* _Available data_

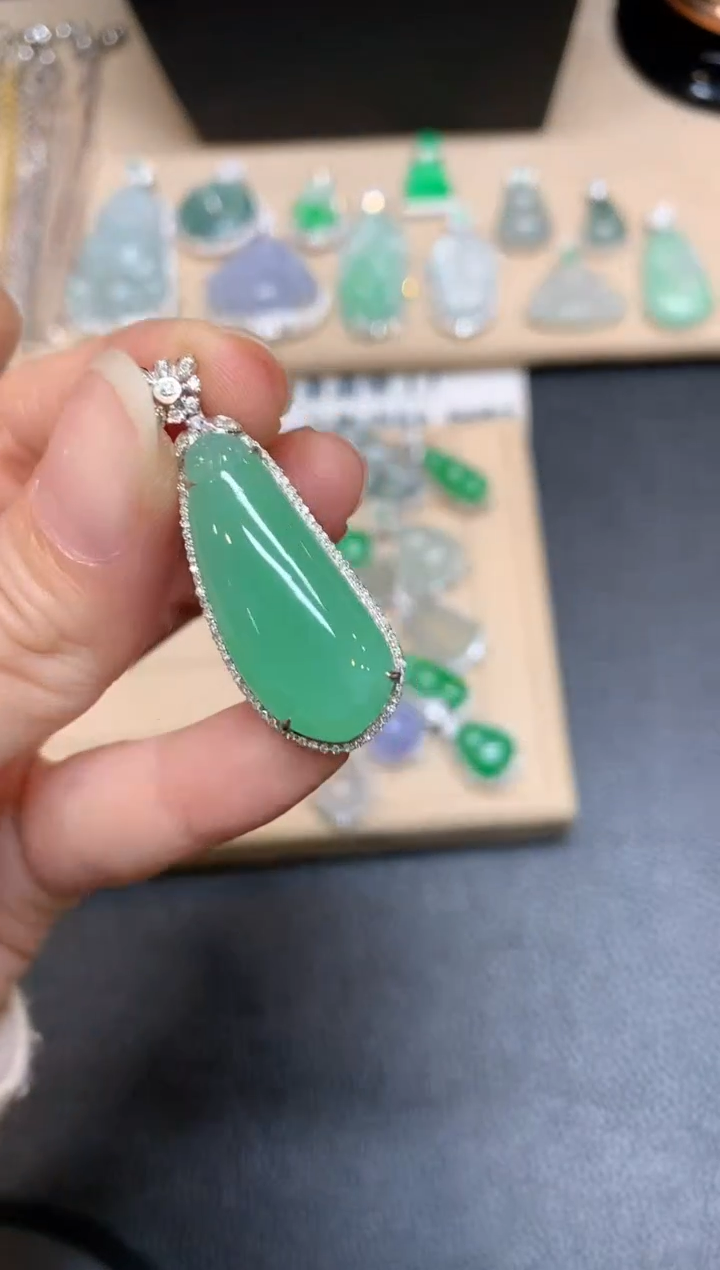 【闪购商品】翡翠颈饰18K金镶嵌福瓜【无服务费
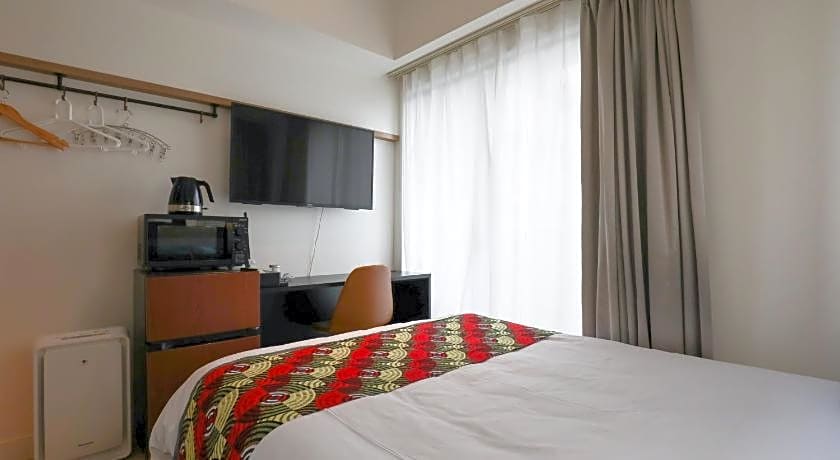 FFFFFF Hotel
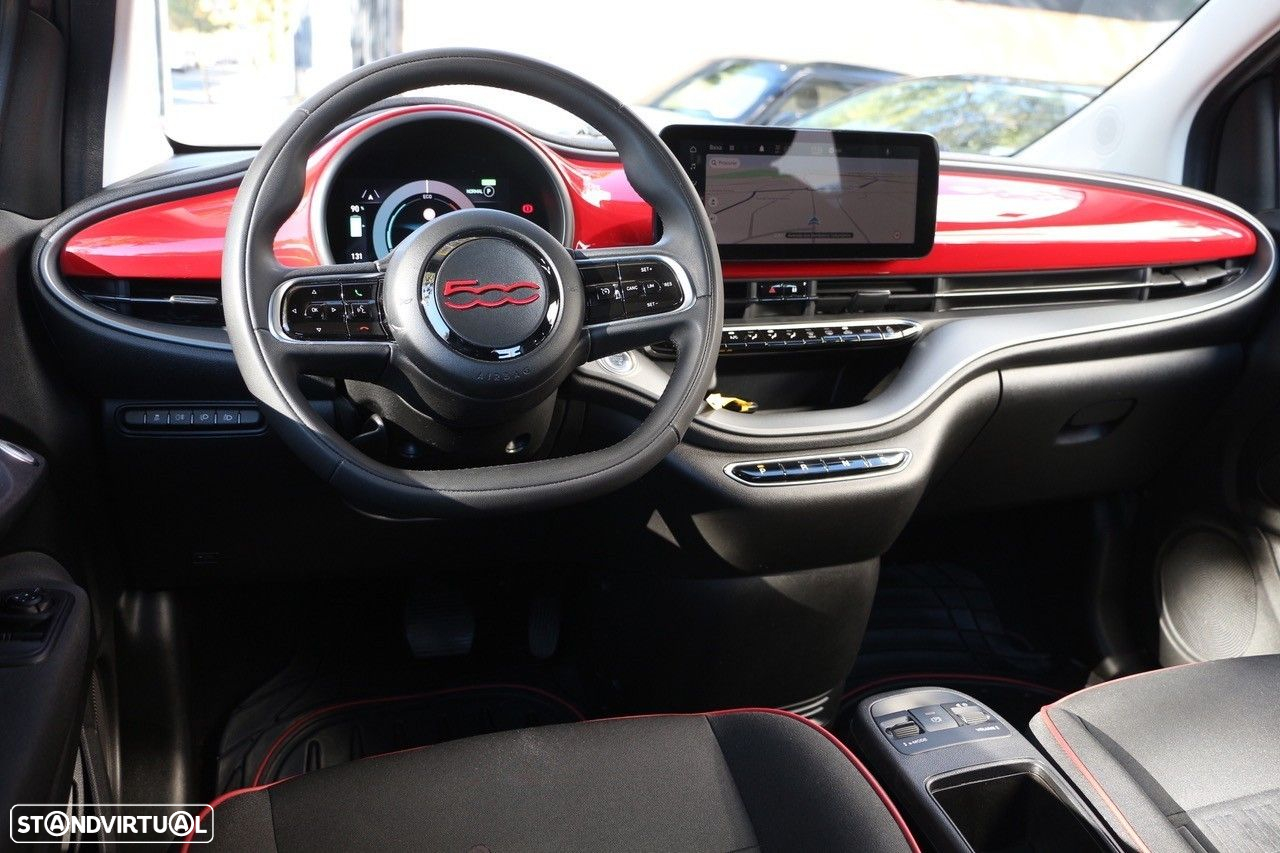 Fiat 500e C - 12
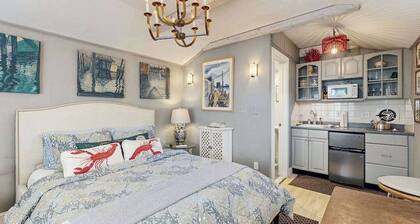 Little gem of a cottage with AC, kitchen essentials & easy walk to beach & town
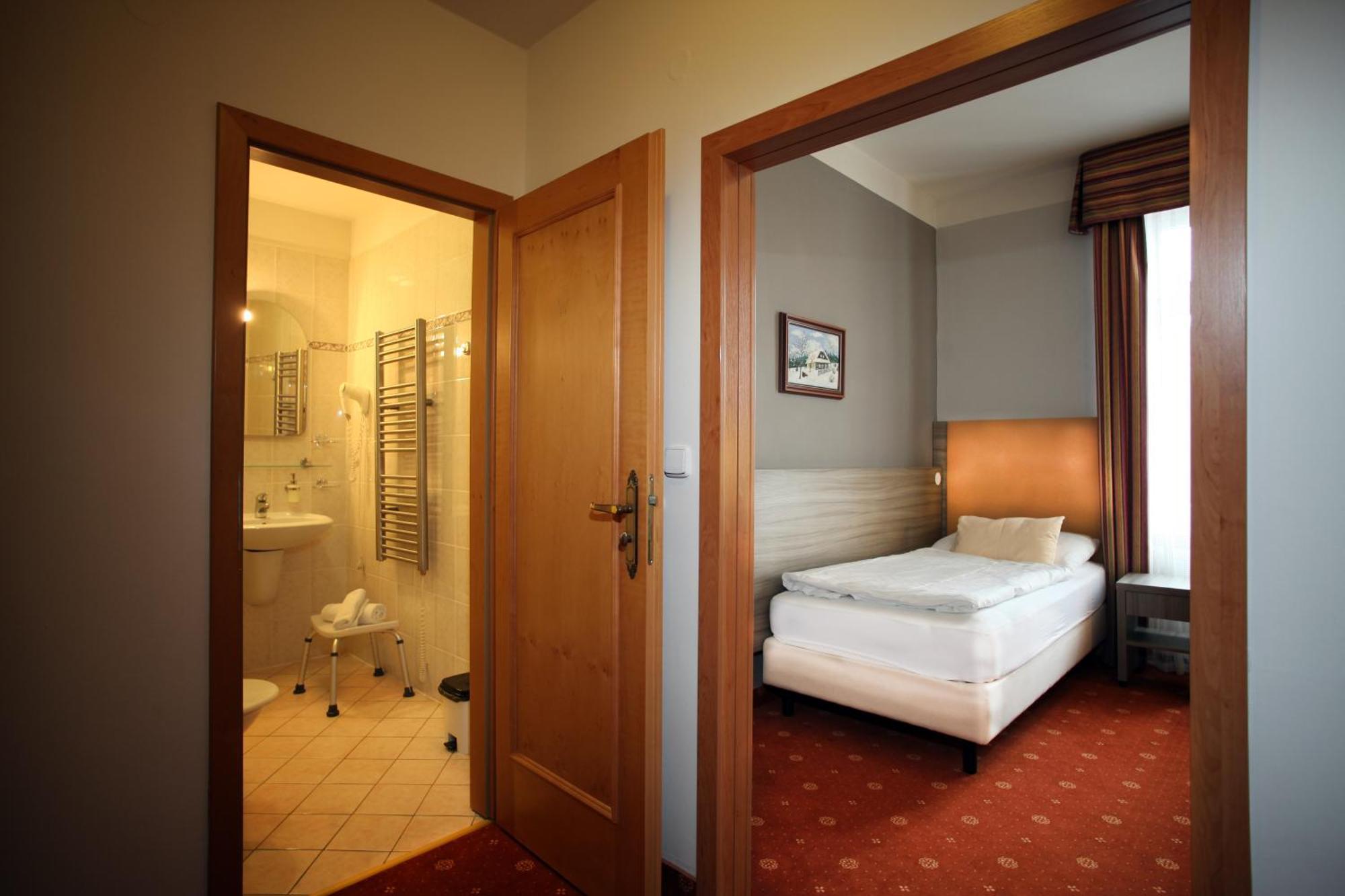 Hotel Paris Marianske Lazne Ngoại thất bức ảnh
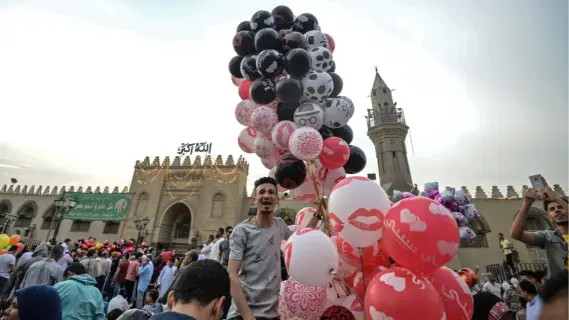 مصر.. موعد إجازة عيد الفطر ٢٠٢٥ في القطاعين الحكومي والخاص وفق الحسابات الفلكية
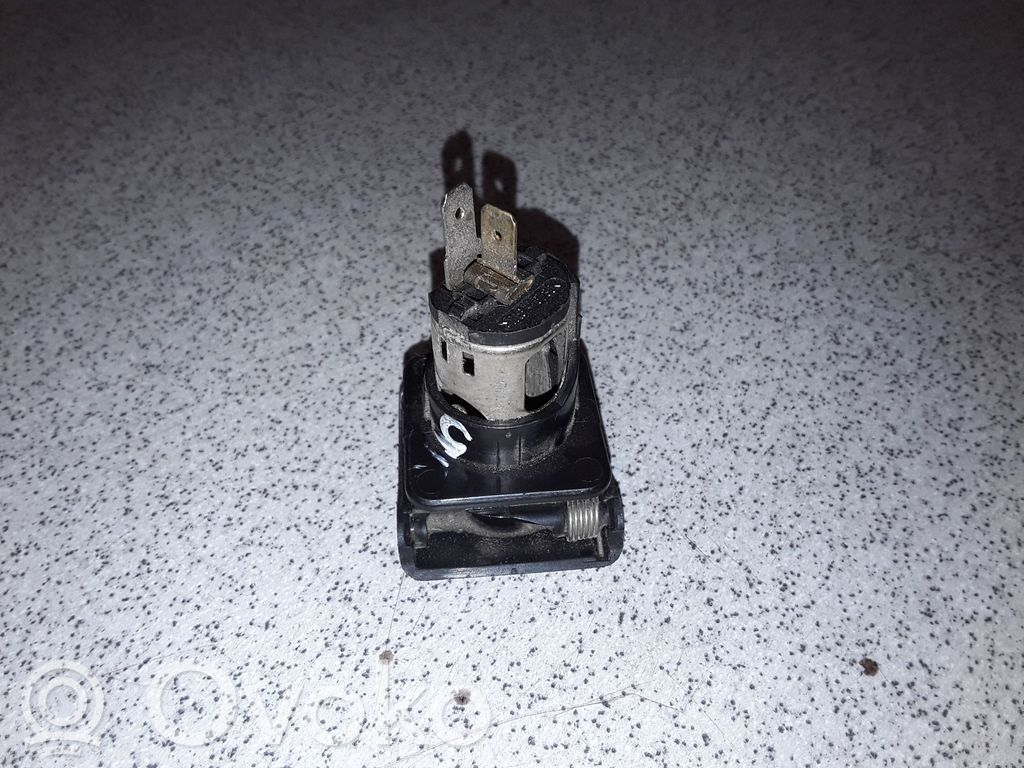 BMW 3 E46 12 V Socket (rear) 
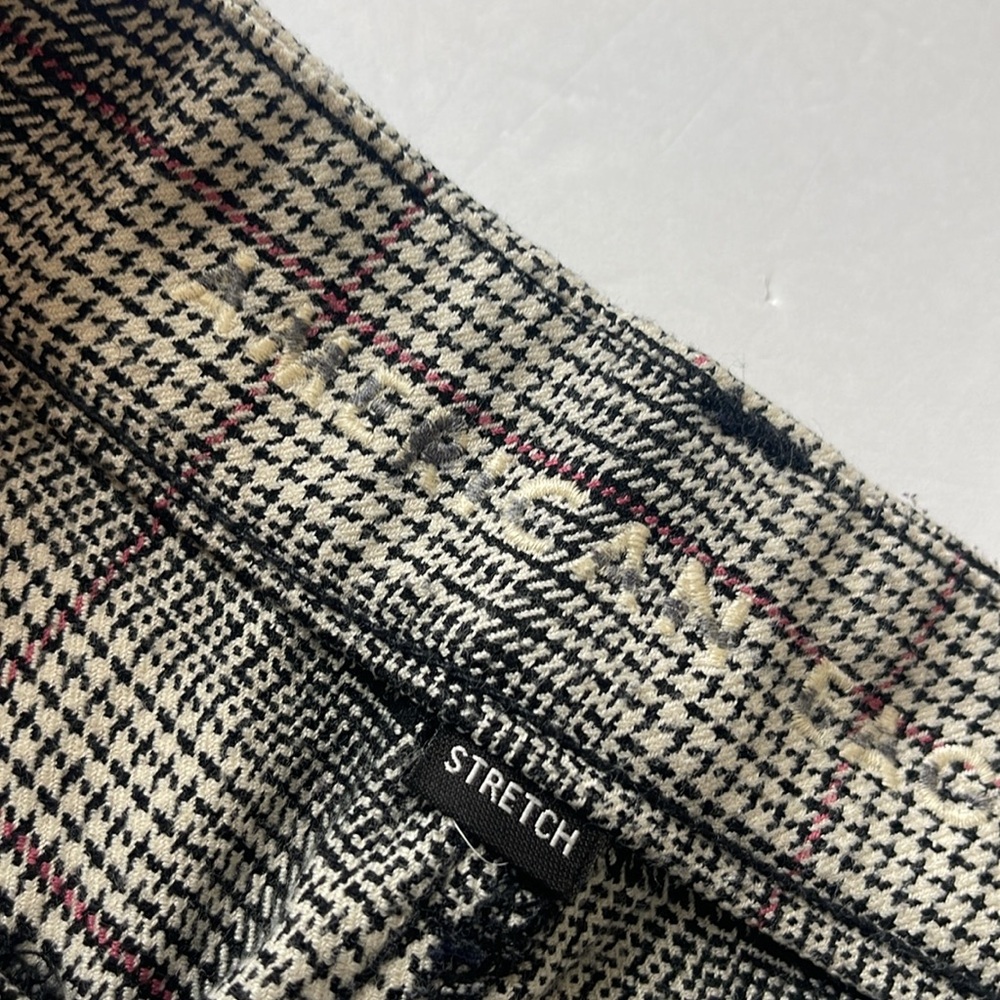 American Eagle Super High Rise Skinny Trousers Black Plaid Size 6 - Picture 7 of 12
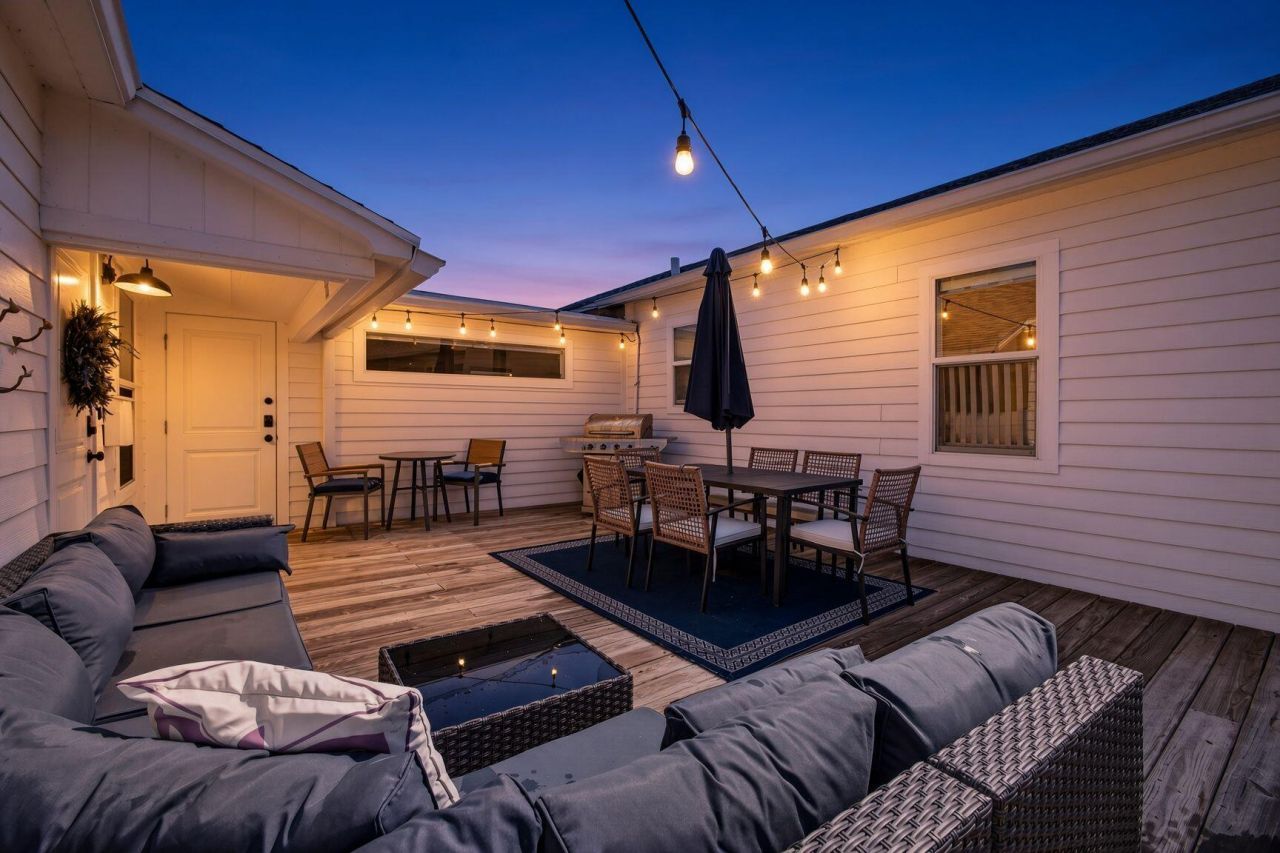 1305 N Palmway, Lake Worth Beach, FL 33460 Photo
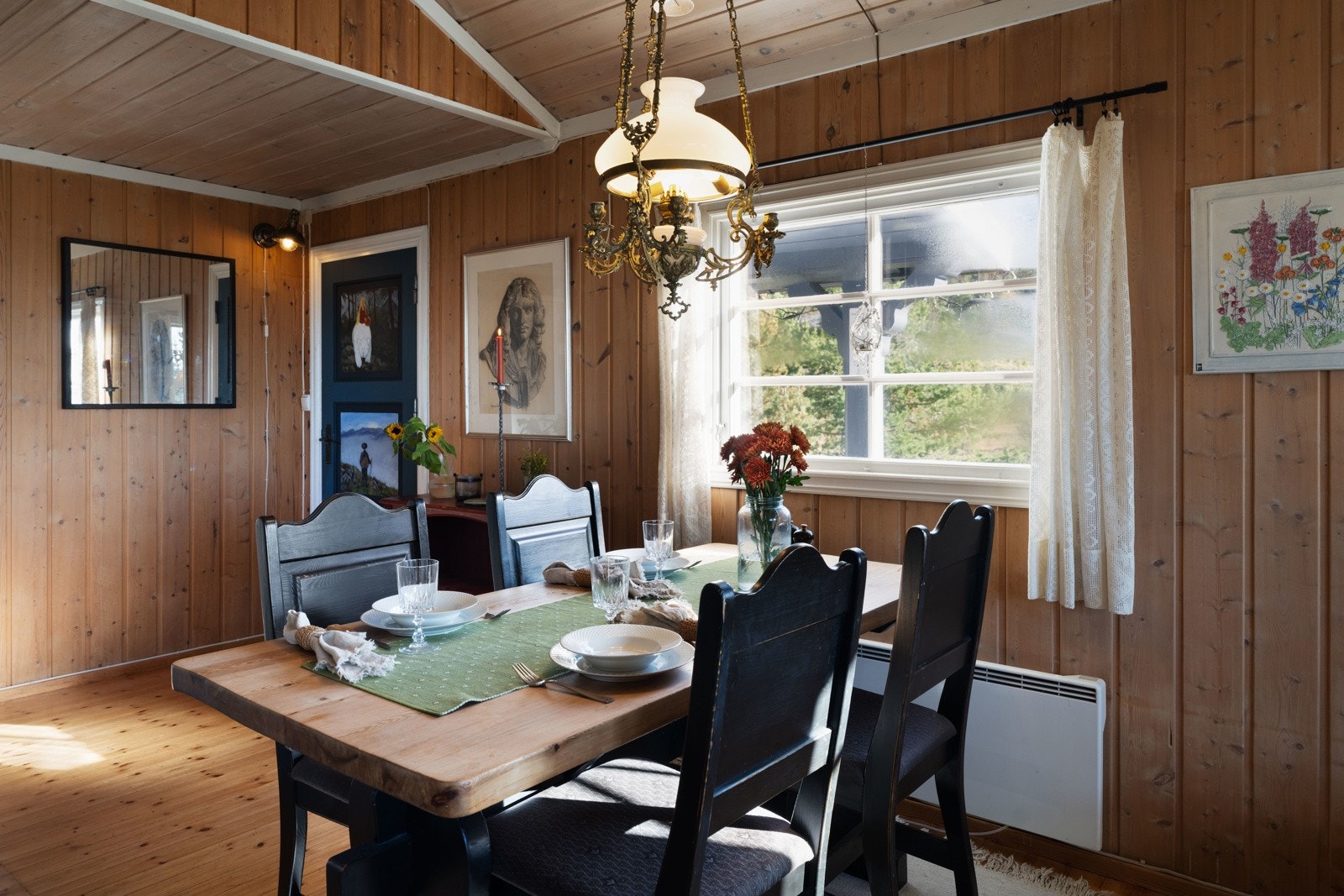 Stuen er naturlig inndelt i ulike brukssoner, og det passer utmerket å innrede med spisebord nærmest kjøkkenet. Galleribilde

* _Task prompt_
In the answer, include exactly the lines from the one containing "مصر.. موعد إجازة" through the end of the records above and no pictures at all.

* _Result_
 مصر.. موعد إجازة عيد الفطر ٢٠٢٥ في القطاعين الحكومي والخاص وفق الحسابات الفلكية
 BMW 3 E46 12 V Socket (rear) 
 American Eagle Super High Rise Skinny Trousers Black Plaid Size 6 - Picture 7 of 12
 1305 N Palmway, Lake Worth Beach, FL 33460 Photo
 Stuen er naturlig inndelt i ulike brukssoner, og det passer utmerket å innrede med spisebord nærmest kjøkkenet. Galleribilde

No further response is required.